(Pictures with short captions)
━━━━━━━━━━

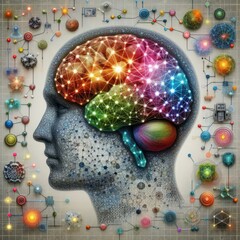 Biological,technological connection of the human brain with computer neural networks,influence of AI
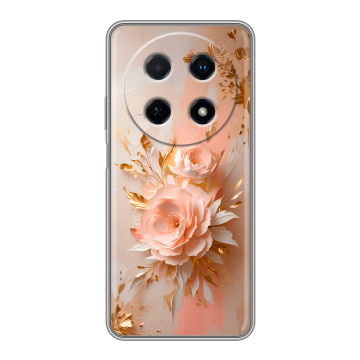 Силиконовый чехол на Huawei Nova 12i с принтом женский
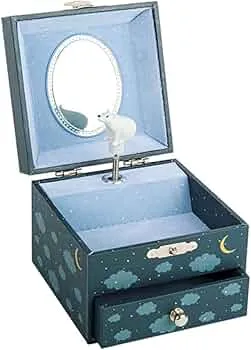 Trousselier 6260122 Musikspieldose für Kinder, Bär im Wald, nachtleuchtend, Schmuckschatulle mit ausziehbarer Schublade, Schmuckkästchen, Aufbewahrung : Amazon.de: Fashion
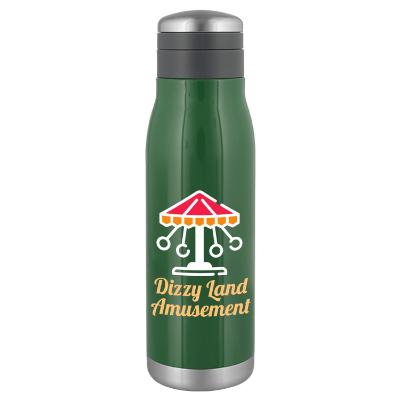 Stainless forage bottle with full color logo.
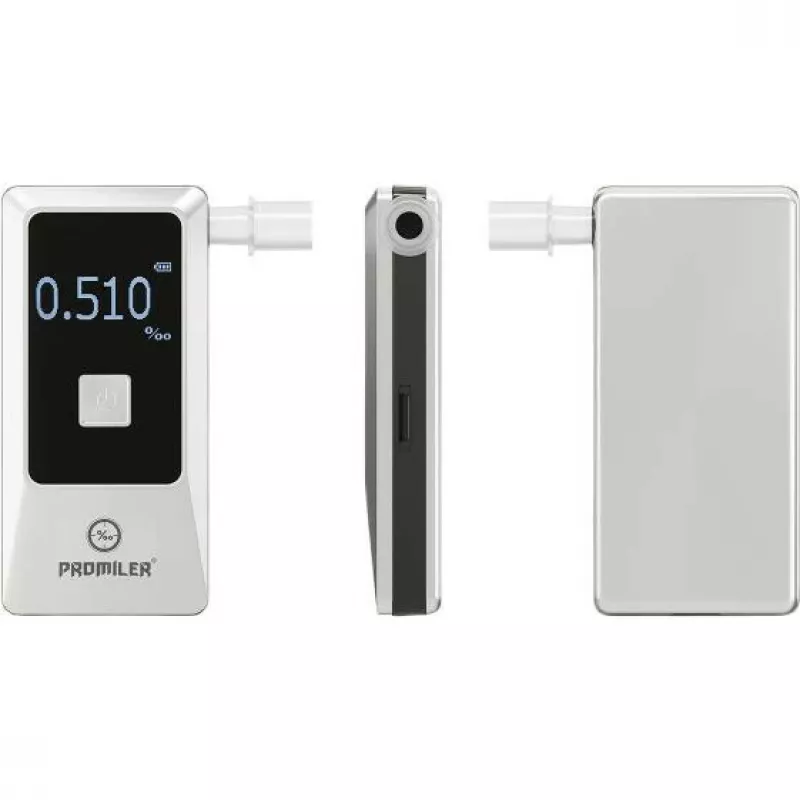 Alcoolímetro PROMILER iSober 70 - teste de álcool eletroquímico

━━━━━━━━━━

What is required: Do not include pictures. Copy only the lines running from the line with "Trousselier 6260122 Musikspieldose" through the last line of the records, exactly as they appear.

Output of the exercise:
 Trousselier 6260122 Musikspieldose für Kinder, Bär im Wald, nachtleuchtend, Schmuckschatulle mit ausziehbarer Schublade, Schmuckkästchen, Aufbewahrung : Amazon.de: Fashion
 Stainless forage bottle with full color logo.
 Alcoolímetro PROMILER iSober 70 - teste de álcool eletroquímico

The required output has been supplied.